■ Task description ■
All of the data below should be written out exactly.

┌─ Material for the task

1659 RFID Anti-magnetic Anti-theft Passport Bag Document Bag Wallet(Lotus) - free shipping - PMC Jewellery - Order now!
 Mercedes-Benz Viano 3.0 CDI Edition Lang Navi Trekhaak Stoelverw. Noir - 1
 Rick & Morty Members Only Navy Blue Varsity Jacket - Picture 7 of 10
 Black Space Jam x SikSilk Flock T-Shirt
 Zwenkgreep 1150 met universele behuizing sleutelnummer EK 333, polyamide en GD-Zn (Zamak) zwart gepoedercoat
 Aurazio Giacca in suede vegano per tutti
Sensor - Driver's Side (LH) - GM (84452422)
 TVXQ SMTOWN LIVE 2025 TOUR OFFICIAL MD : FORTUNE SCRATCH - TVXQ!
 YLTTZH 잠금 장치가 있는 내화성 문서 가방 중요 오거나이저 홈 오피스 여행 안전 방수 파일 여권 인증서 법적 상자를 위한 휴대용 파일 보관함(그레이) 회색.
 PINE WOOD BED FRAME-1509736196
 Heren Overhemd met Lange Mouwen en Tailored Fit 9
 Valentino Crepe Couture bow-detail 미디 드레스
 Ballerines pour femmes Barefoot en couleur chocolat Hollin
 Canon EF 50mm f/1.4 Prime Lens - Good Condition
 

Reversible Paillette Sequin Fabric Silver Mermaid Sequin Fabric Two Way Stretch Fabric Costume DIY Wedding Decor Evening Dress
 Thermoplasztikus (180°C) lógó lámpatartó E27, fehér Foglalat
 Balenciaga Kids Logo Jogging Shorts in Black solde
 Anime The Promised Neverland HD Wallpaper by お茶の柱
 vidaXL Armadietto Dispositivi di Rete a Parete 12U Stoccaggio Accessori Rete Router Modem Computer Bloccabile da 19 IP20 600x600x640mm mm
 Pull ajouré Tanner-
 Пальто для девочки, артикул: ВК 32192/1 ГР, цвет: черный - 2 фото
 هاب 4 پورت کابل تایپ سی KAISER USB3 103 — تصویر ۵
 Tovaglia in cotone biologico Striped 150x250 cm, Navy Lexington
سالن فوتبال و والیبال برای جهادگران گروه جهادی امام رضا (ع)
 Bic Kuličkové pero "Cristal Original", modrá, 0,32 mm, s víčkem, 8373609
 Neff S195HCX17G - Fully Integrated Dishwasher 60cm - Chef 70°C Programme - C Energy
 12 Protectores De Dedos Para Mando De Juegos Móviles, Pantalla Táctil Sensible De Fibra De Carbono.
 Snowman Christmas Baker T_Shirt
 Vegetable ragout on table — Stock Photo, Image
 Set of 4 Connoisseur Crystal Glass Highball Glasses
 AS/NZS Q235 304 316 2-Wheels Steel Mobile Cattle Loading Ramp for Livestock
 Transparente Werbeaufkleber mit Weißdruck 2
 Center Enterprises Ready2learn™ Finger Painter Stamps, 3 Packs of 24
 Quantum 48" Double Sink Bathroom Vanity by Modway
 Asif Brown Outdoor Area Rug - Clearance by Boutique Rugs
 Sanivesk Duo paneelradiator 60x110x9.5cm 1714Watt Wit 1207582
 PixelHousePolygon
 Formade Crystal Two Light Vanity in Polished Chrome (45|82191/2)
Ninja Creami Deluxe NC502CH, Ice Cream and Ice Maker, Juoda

└─

■ Task solution ■
1659 RFID Anti-magnetic Anti-theft Passport Bag Document Bag Wallet(Lotus) - free shipping - PMC Jewellery - Order now!
 Mercedes-Benz Viano 3.0 CDI Edition Lang Navi Trekhaak Stoelverw. Noir - 1
 Rick & Morty Members Only Navy Blue Varsity Jacket - Picture 7 of 10
 Black Space Jam x SikSilk Flock T-Shirt
 Zwenkgreep 1150 met universele behuizing sleutelnummer EK 333, polyamide en GD-Zn (Zamak) zwart gepoedercoat
 Aurazio Giacca in suede vegano per tutti
Sensor - Driver's Side (LH) - GM (84452422)
 TVXQ SMTOWN LIVE 2025 TOUR OFFICIAL MD : FORTUNE SCRATCH - TVXQ!
 YLTTZH 잠금 장치가 있는 내화성 문서 가방 중요 오거나이저 홈 오피스 여행 안전 방수 파일 여권 인증서 법적 상자를 위한 휴대용 파일 보관함(그레이) 회색.
 PINE WOOD BED FRAME-1509736196
 Heren Overhemd met Lange Mouwen en Tailored Fit 9
 Valentino Crepe Couture bow-detail 미디 드레스
 Ballerines pour femmes Barefoot en couleur chocolat Hollin
 Canon EF 50mm f/1.4 Prime Lens - Good Condition
 

Reversible Paillette Sequin Fabric Silver Mermaid Sequin Fabric Two Way Stretch Fabric Costume DIY Wedding Decor Evening Dress
 Thermoplasztikus (180°C) lógó lámpatartó E27, fehér Foglalat
 Balenciaga Kids Logo Jogging Shorts in Black solde
 Anime The Promised Neverland HD Wallpaper by お茶の柱
 vidaXL Armadietto Dispositivi di Rete a Parete 12U Stoccaggio Accessori Rete Router Modem Computer Bloccabile da 19 IP20 600x600x640mm mm
 Pull ajouré Tanner-
 Пальто для девочки, артикул: ВК 32192/1 ГР, цвет: черный - 2 фото
 هاب 4 پورت کابل تایپ سی KAISER USB3 103 — تصویر ۵
 Tovaglia in cotone biologico Striped 150x250 cm, Navy Lexington
سالن فوتبال و والیبال برای جهادگران گروه جهادی امام رضا (ع)
 Bic Kuličkové pero "Cristal Original", modrá, 0,32 mm, s víčkem, 8373609
 Neff S195HCX17G - Fully Integrated Dishwasher 60cm - Chef 70°C Programme - C Energy
 12 Protectores De Dedos Para Mando De Juegos Móviles, Pantalla Táctil Sensible De Fibra De Carbono.
 Snowman Christmas Baker T_Shirt
 Vegetable ragout on table — Stock Photo, Image
 Set of 4 Connoisseur Crystal Glass Highball Glasses
 AS/NZS Q235 304 316 2-Wheels Steel Mobile Cattle Loading Ramp for Livestock
 Transparente Werbeaufkleber mit Weißdruck 2
 Center Enterprises Ready2learn™ Finger Painter Stamps, 3 Packs of 24
 Quantum 48" Double Sink Bathroom Vanity by Modway
 Asif Brown Outdoor Area Rug - Clearance by Boutique Rugs
 Sanivesk Duo paneelradiator 60x110x9.5cm 1714Watt Wit 1207582
 PixelHousePolygon
 Formade Crystal Two Light Vanity in Polished Chrome (45|82191/2)
Ninja Creami Deluxe NC502CH, Ice Cream and Ice Maker, Juoda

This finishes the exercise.